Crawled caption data
_ _ _ _

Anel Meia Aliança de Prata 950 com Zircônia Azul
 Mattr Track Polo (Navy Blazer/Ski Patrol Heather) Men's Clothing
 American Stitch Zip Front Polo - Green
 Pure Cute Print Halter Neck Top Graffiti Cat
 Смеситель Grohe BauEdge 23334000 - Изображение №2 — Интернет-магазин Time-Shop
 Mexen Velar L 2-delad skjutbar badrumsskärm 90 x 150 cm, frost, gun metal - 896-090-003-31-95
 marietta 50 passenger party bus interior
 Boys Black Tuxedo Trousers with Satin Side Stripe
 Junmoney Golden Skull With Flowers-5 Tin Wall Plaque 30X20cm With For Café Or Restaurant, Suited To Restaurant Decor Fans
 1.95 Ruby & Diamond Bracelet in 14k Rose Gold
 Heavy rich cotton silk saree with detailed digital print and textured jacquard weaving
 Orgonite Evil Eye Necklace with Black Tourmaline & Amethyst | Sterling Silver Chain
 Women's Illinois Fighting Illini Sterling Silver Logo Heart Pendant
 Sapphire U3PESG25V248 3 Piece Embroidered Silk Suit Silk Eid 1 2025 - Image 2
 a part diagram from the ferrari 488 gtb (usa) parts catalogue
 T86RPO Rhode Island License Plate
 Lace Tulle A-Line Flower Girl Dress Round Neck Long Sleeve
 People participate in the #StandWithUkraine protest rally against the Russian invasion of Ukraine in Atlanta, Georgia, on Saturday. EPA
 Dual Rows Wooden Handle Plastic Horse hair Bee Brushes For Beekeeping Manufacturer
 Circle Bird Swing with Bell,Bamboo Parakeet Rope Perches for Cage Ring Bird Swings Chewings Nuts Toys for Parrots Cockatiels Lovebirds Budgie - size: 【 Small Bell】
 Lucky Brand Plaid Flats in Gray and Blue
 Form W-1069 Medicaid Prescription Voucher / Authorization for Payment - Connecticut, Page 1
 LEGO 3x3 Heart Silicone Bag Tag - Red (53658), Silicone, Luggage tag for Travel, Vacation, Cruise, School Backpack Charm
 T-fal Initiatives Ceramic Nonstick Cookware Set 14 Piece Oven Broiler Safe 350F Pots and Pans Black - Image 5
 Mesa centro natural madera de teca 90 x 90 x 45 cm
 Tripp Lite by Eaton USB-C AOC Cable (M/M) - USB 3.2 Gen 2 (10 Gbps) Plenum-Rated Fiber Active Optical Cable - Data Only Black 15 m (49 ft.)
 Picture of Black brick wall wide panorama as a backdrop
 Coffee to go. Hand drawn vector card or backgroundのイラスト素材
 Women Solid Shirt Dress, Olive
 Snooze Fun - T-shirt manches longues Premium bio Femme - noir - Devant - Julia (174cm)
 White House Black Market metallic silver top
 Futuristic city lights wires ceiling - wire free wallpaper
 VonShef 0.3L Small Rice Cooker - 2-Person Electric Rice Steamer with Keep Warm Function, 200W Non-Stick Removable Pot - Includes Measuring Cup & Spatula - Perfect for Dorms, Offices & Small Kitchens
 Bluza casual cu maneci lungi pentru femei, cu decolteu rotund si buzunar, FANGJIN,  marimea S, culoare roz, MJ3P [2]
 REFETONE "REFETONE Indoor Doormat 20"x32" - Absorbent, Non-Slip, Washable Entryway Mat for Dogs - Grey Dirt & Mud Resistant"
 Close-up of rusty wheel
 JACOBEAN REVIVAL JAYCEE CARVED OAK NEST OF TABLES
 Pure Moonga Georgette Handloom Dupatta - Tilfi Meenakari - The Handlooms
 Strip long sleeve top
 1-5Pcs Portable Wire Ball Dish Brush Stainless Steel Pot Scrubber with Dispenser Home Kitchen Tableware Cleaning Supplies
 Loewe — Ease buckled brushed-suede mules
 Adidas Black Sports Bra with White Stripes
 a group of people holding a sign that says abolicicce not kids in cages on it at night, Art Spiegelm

_ _ _ _

## Task to carry out
What is wanted is every line from the first line of the entries through the line that contains "1.95 Ruby &", given again exactly.

## Answer to this task
Anel Meia Aliança de Prata 950 com Zircônia Azul
 Mattr Track Polo (Navy Blazer/Ski Patrol Heather) Men's Clothing
 American Stitch Zip Front Polo - Green
 Pure Cute Print Halter Neck Top Graffiti Cat
 Смеситель Grohe BauEdge 23334000 - Изображение №2 — Интернет-магазин Time-Shop
 Mexen Velar L 2-delad skjutbar badrumsskärm 90 x 150 cm, frost, gun metal - 896-090-003-31-95
 marietta 50 passenger party bus interior
 Boys Black Tuxedo Trousers with Satin Side Stripe
 Junmoney Golden Skull With Flowers-5 Tin Wall Plaque 30X20cm With For Café Or Restaurant, Suited To Restaurant Decor Fans
 1.95 Ruby & Diamond Bracelet in 14k Rose Gold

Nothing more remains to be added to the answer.